There are several ways to install ArchiveBox. The developers recommend to install with docker-compose, but this gets a little cumbersome when you’re running a RHEL-compatible Linux distro that has strong opinions on container management and prefers Podman over the “old way” (aka Docker). I’ve personally found it easier to install it with Python’s Pip tool and have my web server reverse proxy the ArchiveBox server.

Prerequisites

  • Preferably a filesystem with compression and deduplication capabilities, such as BTRFS or ZFS, but any journaling filesystem will work fine if you have another way to backup the archives.
  • Minimum of 500MB of RAM, but 2GB or more is recommended for chrome-based archiving methods.

Installing dependencies

To get started, we’ll install Pip and the Python development package:

sudo dnf install python3-pip python3-devel

Next, we’ll install required dependencies, some of which may already be available on your system:

sudo dnf install wget curl git

Then, we’ll install optional dependencies. If you want to use chrome-based archiving methods, such as fetching PDFs, screenshots, and the DOM of web pages, you’ll need to install the Chromium package. If you want to archive YouTube videos, you’ll need the youtube-dl package. If you’re on a RHEL-compatible distro that is not Fedora, you’ll need to install the epel-release package to get chromium and youtube-dl:

sudo dnf install epel-release
sudo dnf install chromium youtube-dl

Now we’ll run Pip with sudo to install ArchiveBox into /usr/local/bin:

Create the archivebox user

Create a user to run the archivebox server.

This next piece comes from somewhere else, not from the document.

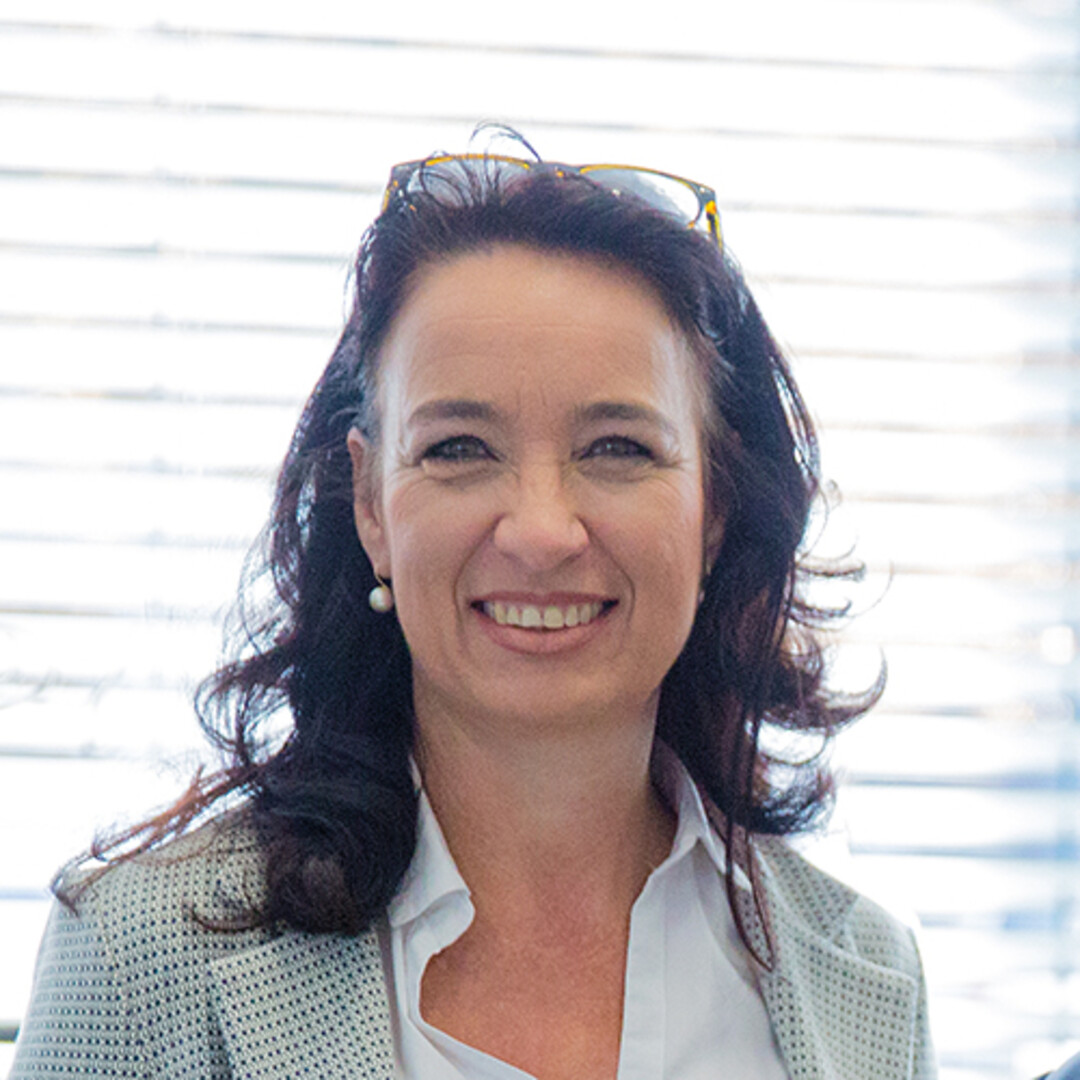  Sonja Troy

sudo useradd -c "ArchiveBox" -m -s /bin/bash -U archivebox

Login to the archivebox user account and install ArchiveBox with pip:

su - archivebox
pip install --user archivebox

Initializing the ArchiveBox database

Create a directory in the archivebox user’s home directory to store the archive data:

mkdir data
cd data

Run the initialization:

archivebox init --setup

The setup wizard will prompt you to enter a username, email address, and password. This will allow you to login to your ArchiveBox web dashboard.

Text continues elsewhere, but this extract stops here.